Dep. of Agronomy, Univ. of Arkansas, Fayetteville, AR 27201

^* Corresponding author (csneller{at}comp.uark.edu).

The additive main effects and multiplicative interaction (AMMI) estimate of genotype performance removes genotype x environment interaction (GEI) noise that is intrinsic to full-data estimates of genotype performance in specific environments, thereby producing estimates that may be more predictive of future performance than full-data estimates. Our objectives were to (i) compare genotype rankings based on AMMI and full-data estimates of performance, and (ii) compare the yield of genotypes selected by the two sets of estimates. Five data sets, each containing data from two consecutive years, were constructed from yield trials of Maturity Group V soybean [Glycine max (L.) Merr.] cultivars conducted at five locations. The AMMI and full-data estimates of genotype performance were calculated for each location and year in each data set.
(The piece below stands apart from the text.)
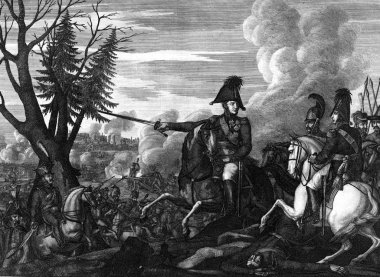 Fransa ve Rusya arasındaki savaş Muharebesi oyma.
Rank correlations were calculated between the AMMI and full-data estimates. The yield of the top 15% of all genotypes and the top genotype, as ranked by each method in each location and each year, were compared in the other year of the data set. All correlations between AMMI and full-data estimates were significant within each environment, and both estimates appeared equally predictive of future genotype rankings. The yields of genotypes selected based on either set of estimates were essentially equivalent in nonmodeling years. There was no advantage or disadvantage to either method of estimating genotype performance. Apparently, the GEI patterns incorporated in the AMMI estimates in our study were not repeatable enough across years to produce estimates that were more predictive of future performance than full-data estimates.

Received for publication February 3, 1995.